Creating New Markets for Canadian Fruit Growers and Processors
A family has owned a 25-acre cranberry bog for three generations. The family-run operation primarily sells to the processing market, with a small portion of the crop selling locally as fresh berries. While the majority of product is destined for the U.S. market, as with many industries across the country, cranberry exporters are keen to identify other potential markets to maximize commercial potential–and have been looking to Asia and the Pacific region for opportunities. Under the TPP, Canada’s cranberry industry will benefit from removal of existing tariffs in TPP countries such as Japan, Vietnam, Malaysia, New Zealand and Australia. In Japan, for example, elimination of tariffs of up to 16.8 percent on sweetened dried cranberries could translate into more Canadian exports. Streamlined processes at the border and trade-facilitating rules on non-tariff measures will also help support sales to TPP markets. This family is looking forward to the new opportunities the TPP will bring.
Wines and Spirits
The distilled spirits industry has a long history in Canada, and contributes significantly to the nation’s economy. Domestically and internationally, Canada continues to be known for producing Canadian whisky, a distinctive rye-flavoured, high-quality beverage.
For wines, Canada is recognized as a world-leader in the production of icewine. Forty-five per cent of Canada’s wine export revenues come from sales of icewine.
Trade Snapshot – Wine and Spirits
On average from 2012-2014, Canadian exports of wines and spirits to the TPP were worth $473.2 million annually.
TPP Agreement Highlights
Through tariff elimination, the TPP Agreement will significantly improve market access opportunities for Canada’s wines and spirits sector.

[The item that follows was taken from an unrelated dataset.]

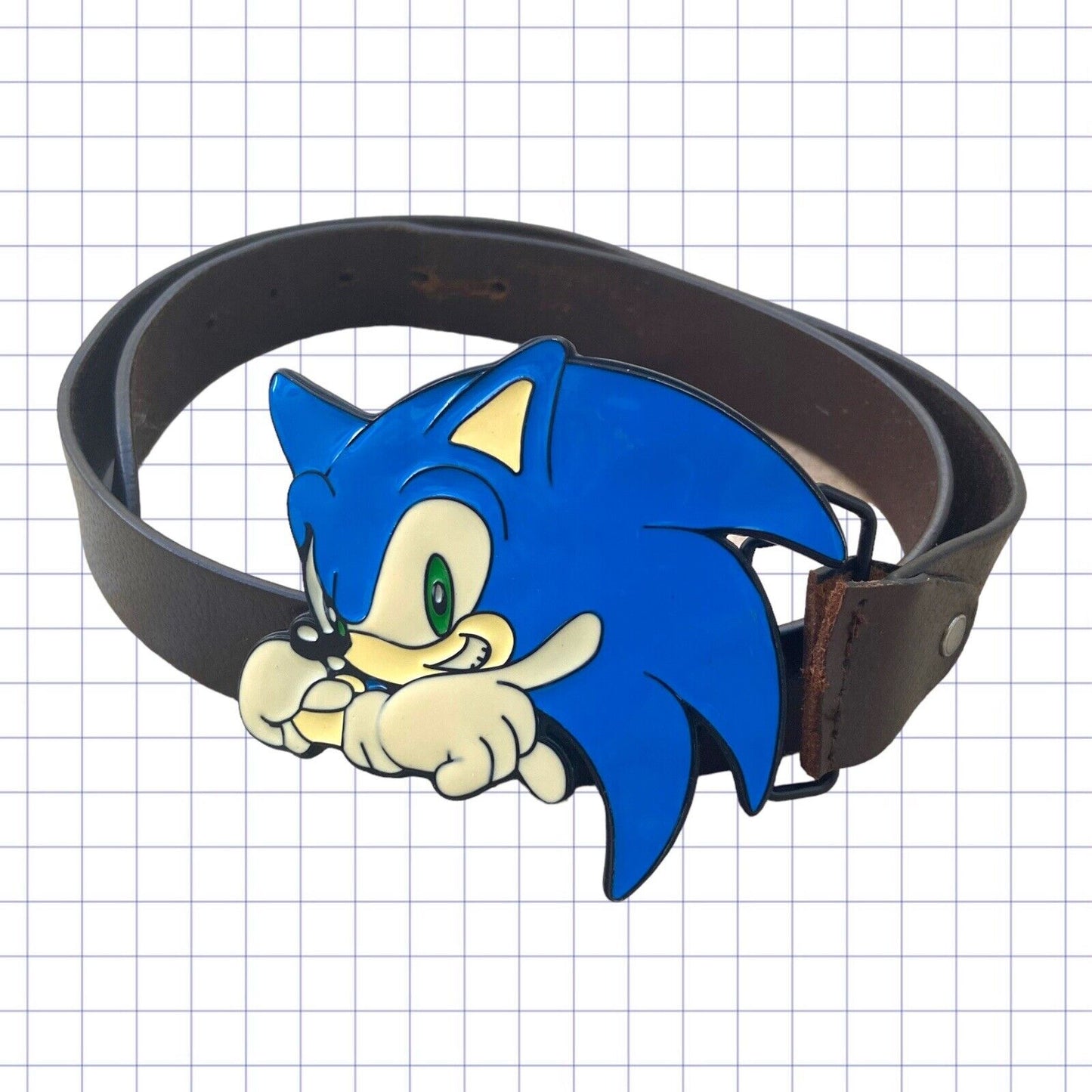 Y2K Sonic Belt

In Malaysia, duties of 58 Ringgit/litre will be eliminated within 15 years. In Vietnam, duties of 55 percent will be eliminated within 12 years. In Australia, duties of 5 percent will be eliminated upon entry into force.

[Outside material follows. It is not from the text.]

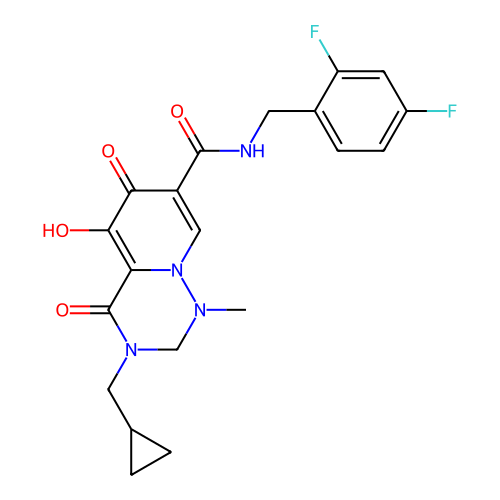 Chemical structure of BindingDB Monomer ID 50663815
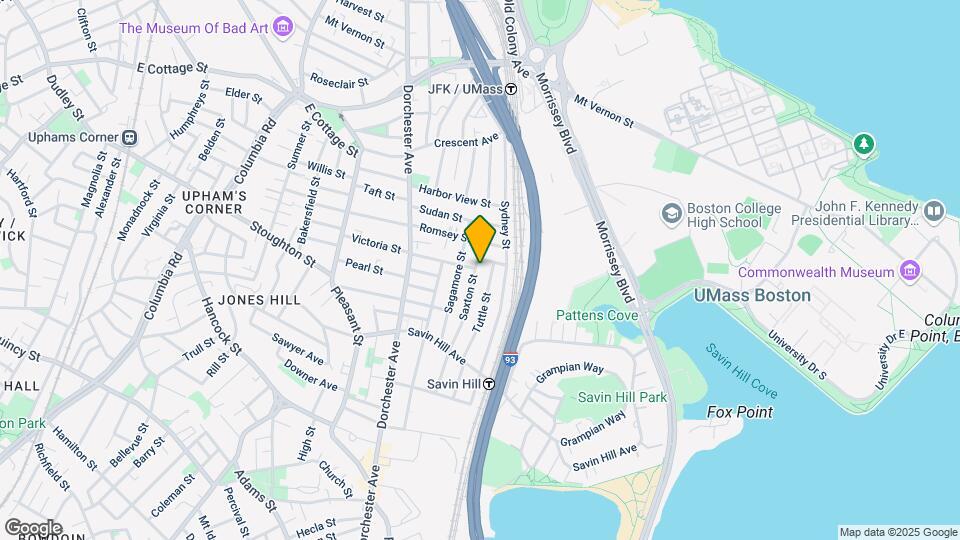 75 Saxton St, Unit 3 Map and Location Details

Wine, Icewine and Sparkling Wine
In Japan, duties of up to 182 yen/litre will be eliminated within seven years. In Vietnam, duties of up to 59 percent will be eliminated within 11 years. In Malaysia, duties up to 23 ringgit/litre within 15 years. In Australia, duties of up to 5 percent will be eliminated immediately upon entry into force. In New Zealand, duties of up to 5 percent will be eliminated immediately upon entry into force.
Canadian producers and processors of agriculture and agri-food products in all regions of Canada will benefit from provisions that address both tariff and non-tariff barriers, including enhanced regulatory cooperation, provisions to address technical barriers to trade, and streamlined customs administration procedures that will save time and money at the border.
The TPP also contains a strong Sanitary and Phytosanitary (SPS) Chapter, including provisions on regionalization, equivalence, and science and risk analysis, which is important for Canadian agriculture and agri-food exporters. These provisions will help ensure that market access gains are not negatively impacted by unjustified SPS-related restrictions.
The TPP SPS Chapter safeguards the right of each party to take measures necessary to protect human, animal or plant life or health. By doing so, Canada can continue to ensure the safety of our food supply and plant and animal resource base, while facilitating and expanding trade. The Chapter also establishes a mechanism whereby SPS issues can be addressed by experts, resulting in enhanced cooperation and resolution of issues.
Ensuring early and effective cooperation on SPS issues both strengthens the protection of Canadians and helps to avoid unjustified barriers to trade.
The TPP also contains provisions for wine that streamline labelling requirements and help reduce costs for Canadian wine producers. Specifically, the Agreement will protect the definition and traditional production method of authentic icewine (where it is made exclusively from grapes naturally frozen on the vine). This is a significant outcome for Canada given that almost all of Canada’s top icewine markets are members of the TPP.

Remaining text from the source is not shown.